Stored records

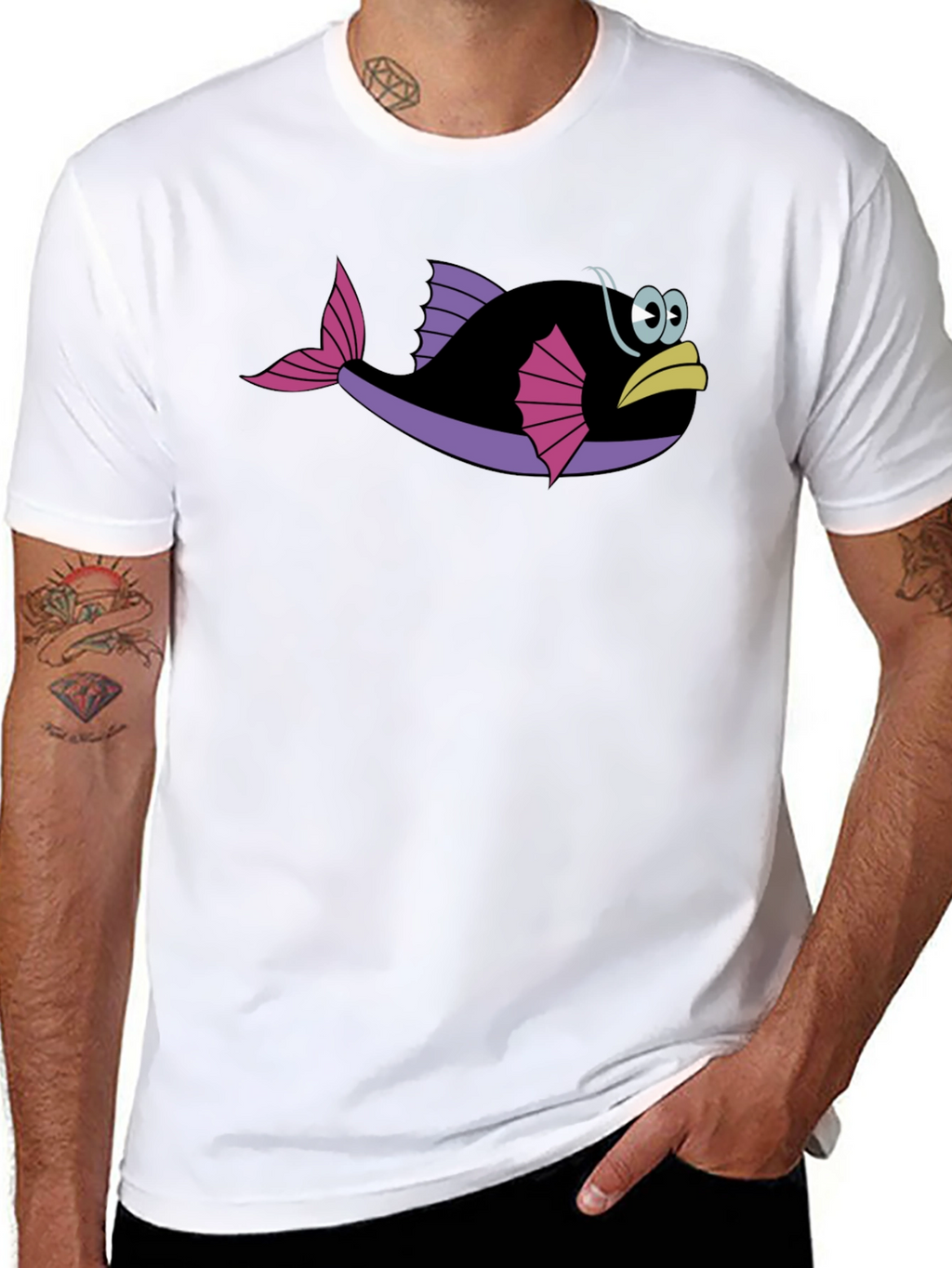 Funny Fish Graphic Tee - Black Cotton T-Shirt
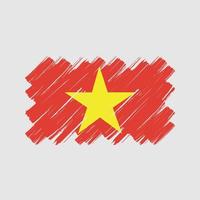 escova de bandeira do vietnã. bandeira nacional vetor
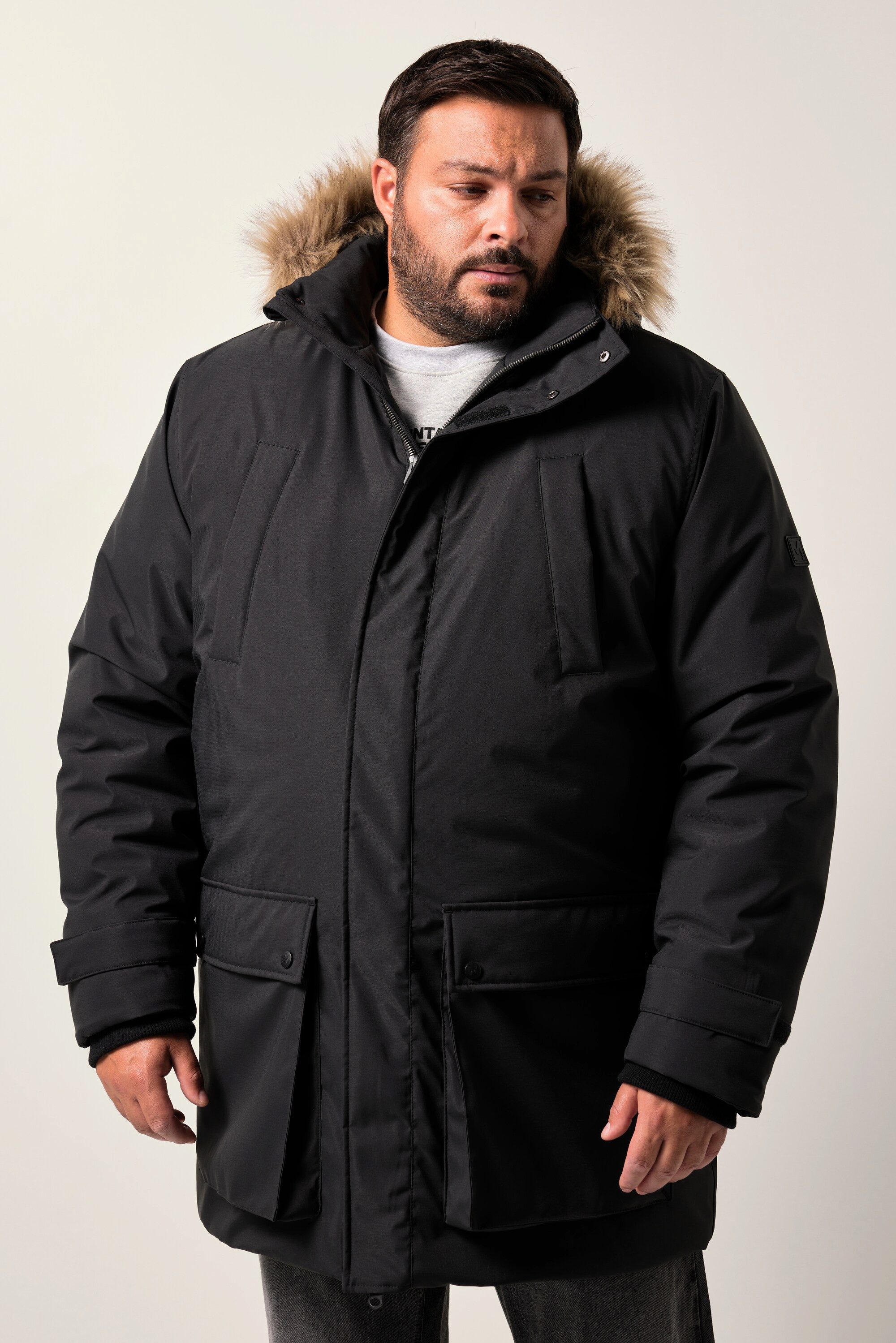 Men Plus Parka Funktions-Parka Kapuze mit Kunstfellbesatz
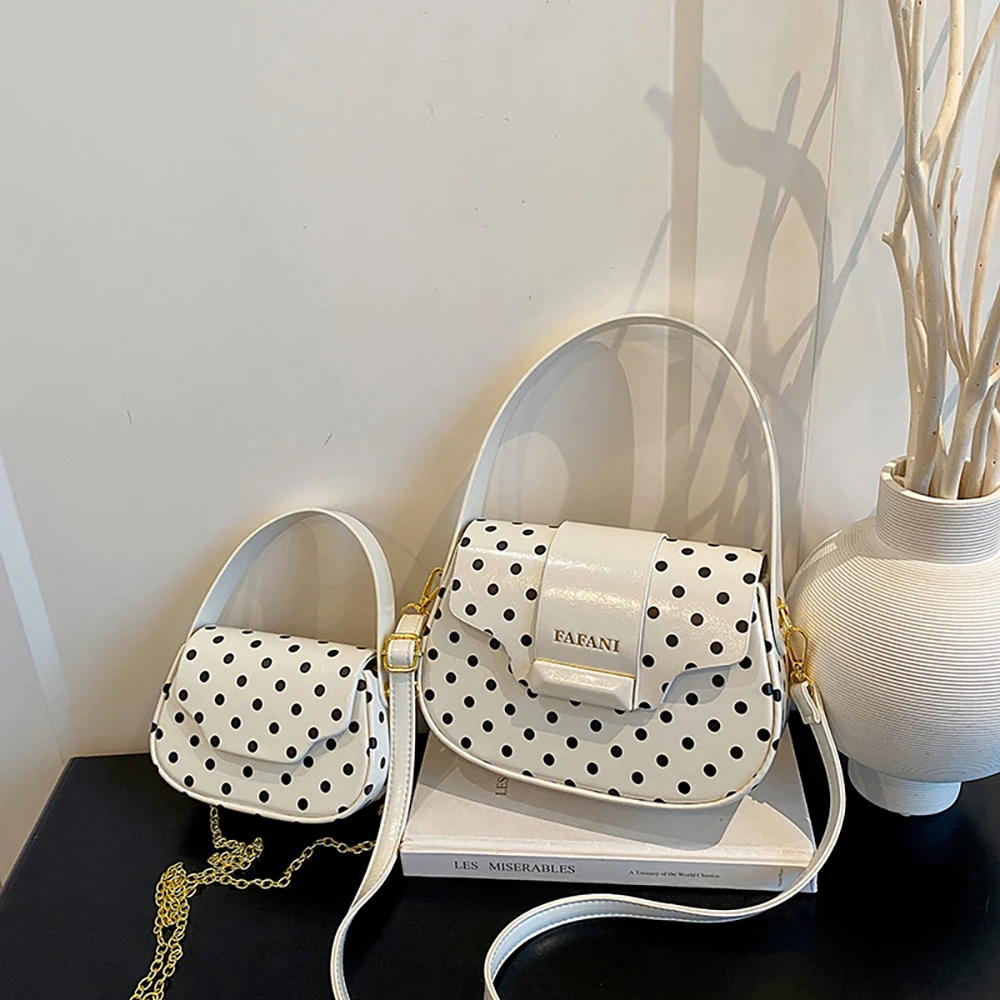 Women's Polka Dot Shoulder Bag Set  2-Piece Shoulder Bag with Handbag Korean Style PU Leather Crossbody Messenger Purse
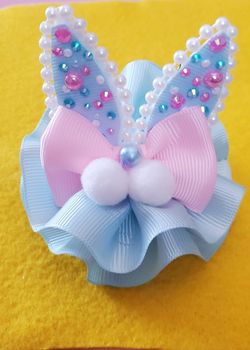 Easter pigtails hair bows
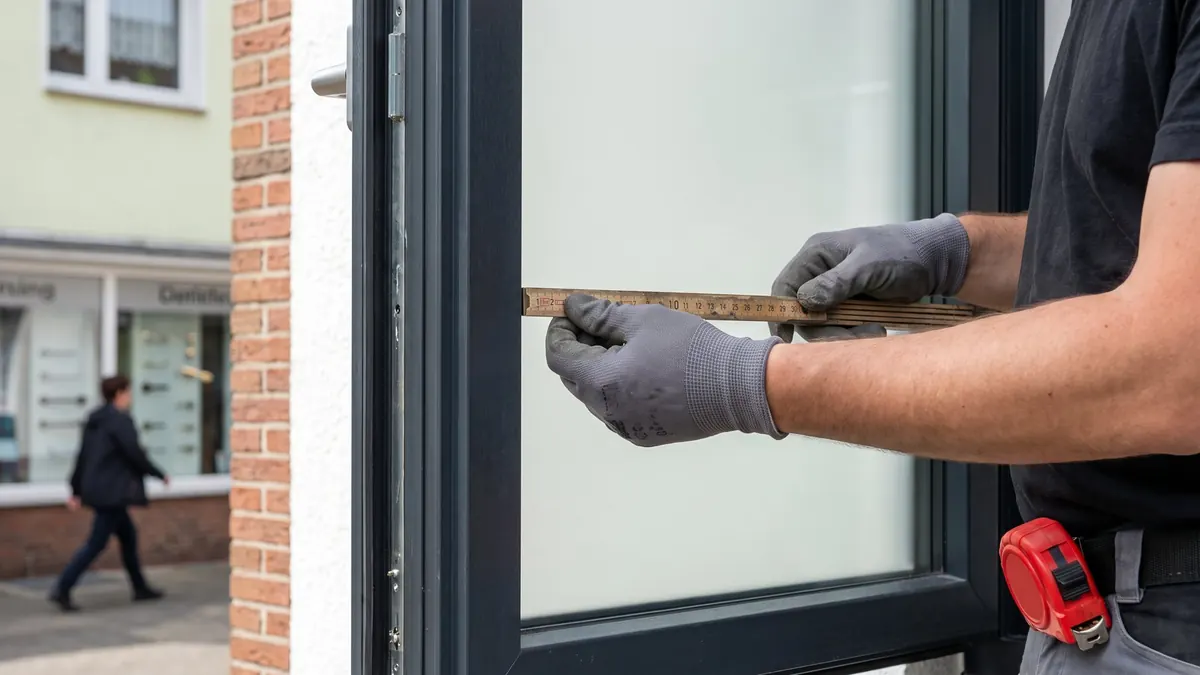 Aufmaß einer Glasfüllung in einer Tür mit dem Zollstock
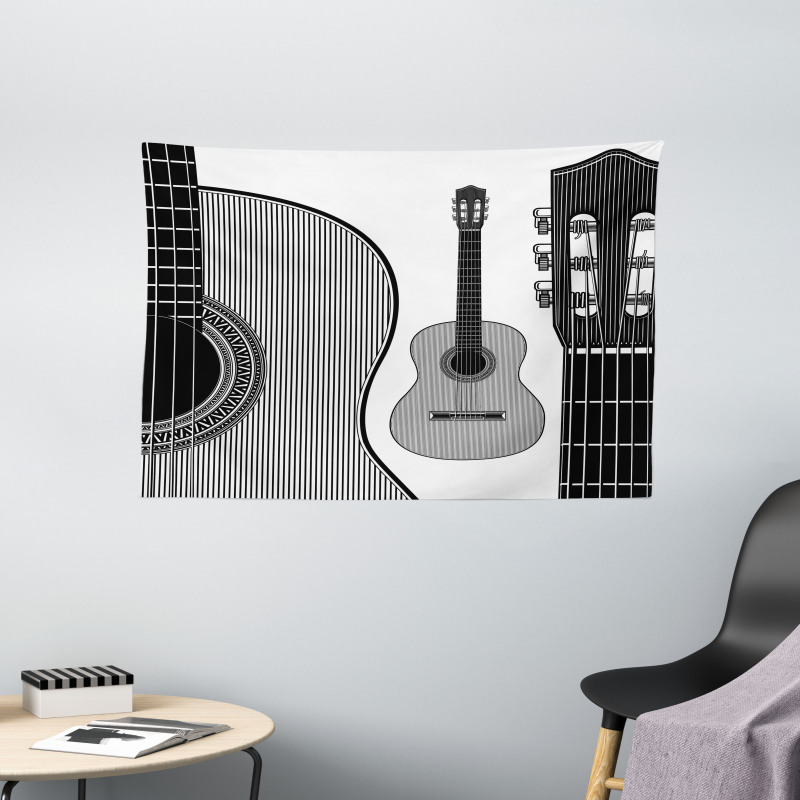 Folk Country Music Theme Wide Tapestry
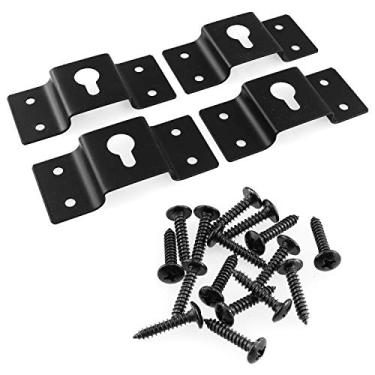Imagem de Suporte de alto-falante para pendurar DGZZI com 4 peças para montagem na parede, conector de placa de gancho de ferro com parafusos de montagem para caixa de som surround de alto-falante de áudio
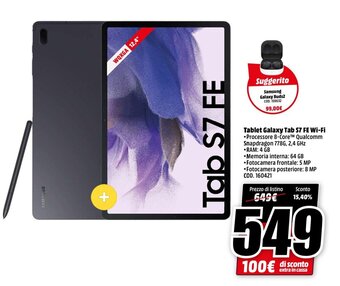 MediaWorld Samsung Tablet Galaxy Tab S7 Fe Wi-Fi offerta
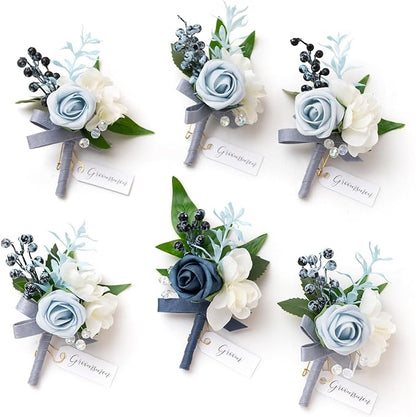 Ling's moment Boutonniere for Men, 6pcs Groom Groomsmen Boutonniere, Artificial Flowers for Wedding Decor/Prom/Homecoming, etc.Dusty Blue Light Blue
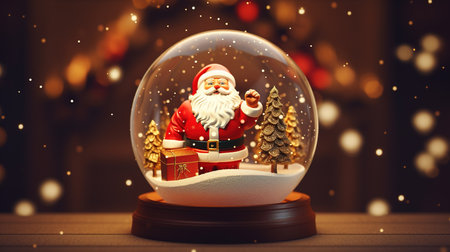 Snow globe with Santa Claus and Christmas tree. 3d rendering.の素材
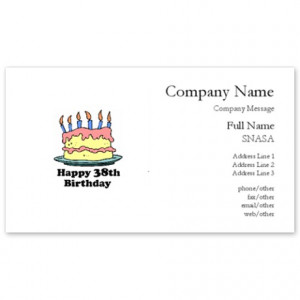 Happy 38th Birthday Business Cards
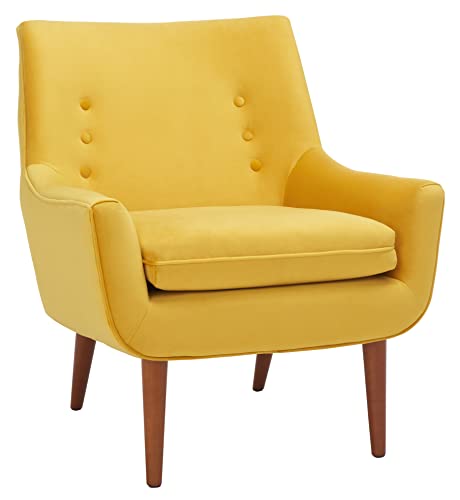 SAFAVIEH Home Collection Amina Mid-Century Modern Gold Velvet Accent Chair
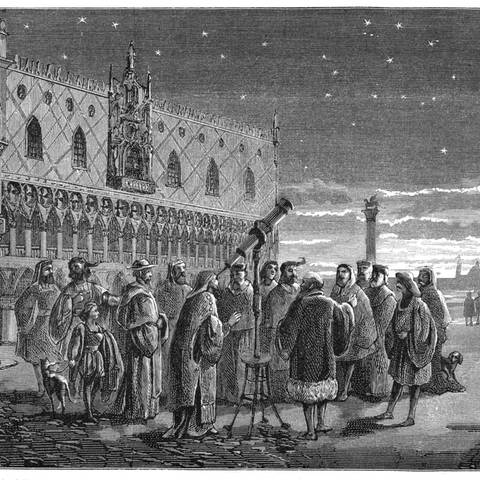 Galileo Galilei (1564-1642) bei der Demonstration seines Fernrohrs, Venedig, 1609 (Foto: IMAGO, IMAGO / United Archives International)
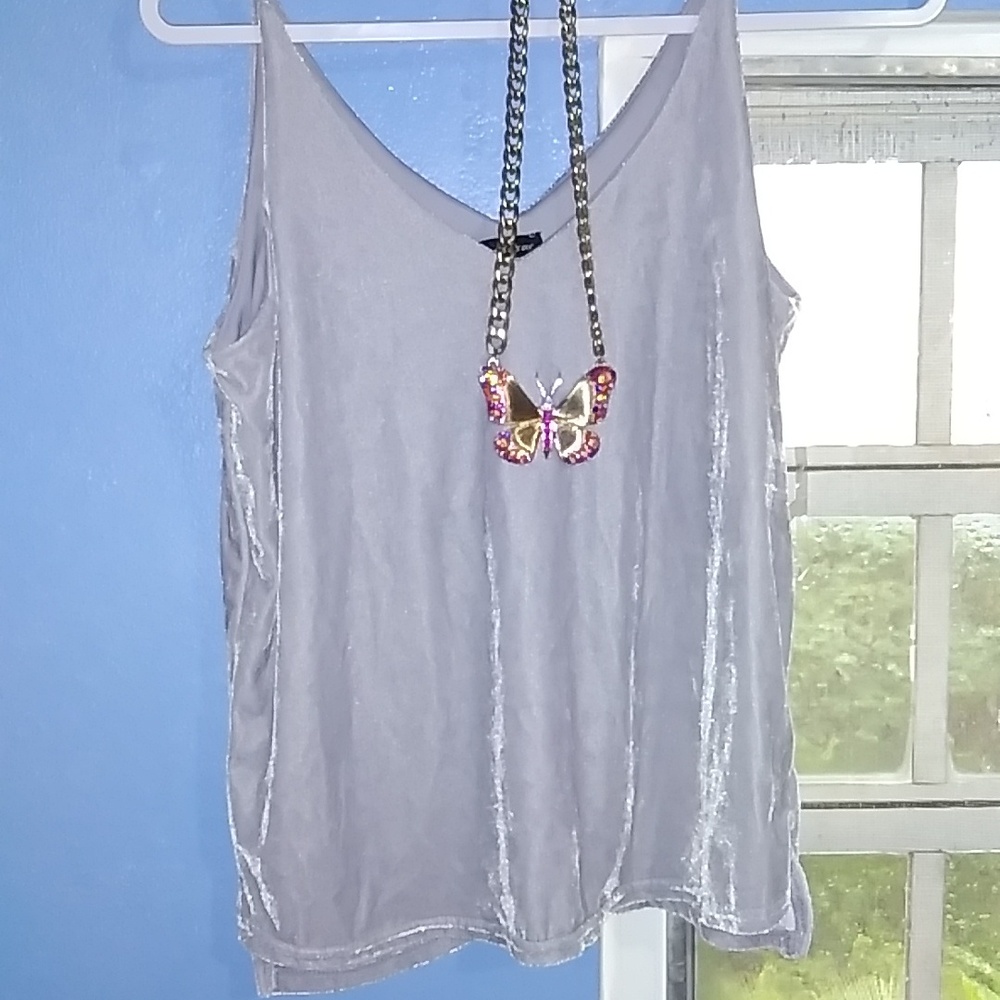 Gray soft velvet cami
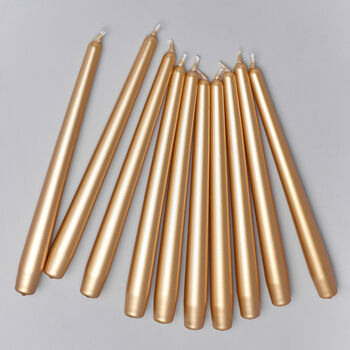 G Decor Velaré Brass Gold Set Of Two, 10 Or 20 Tall Hand Finished Opaline Dinner Candles And Taper Candles, 2 of 3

- _Assignment_: The lines from the one containing "Galileo Galilei (1564-1642)" through the last line of the data above are to be transcribed exactly, both included, with all pictures left out.

- _Expected answer_:
 Galileo Galilei (1564-1642) bei der Demonstration seines Fernrohrs, Venedig, 1609 (Foto: IMAGO, IMAGO / United Archives International)
 Gray soft velvet cami
 G Decor Velaré Brass Gold Set Of Two, 10 Or 20 Tall Hand Finished Opaline Dinner Candles And Taper Candles, 2 of 3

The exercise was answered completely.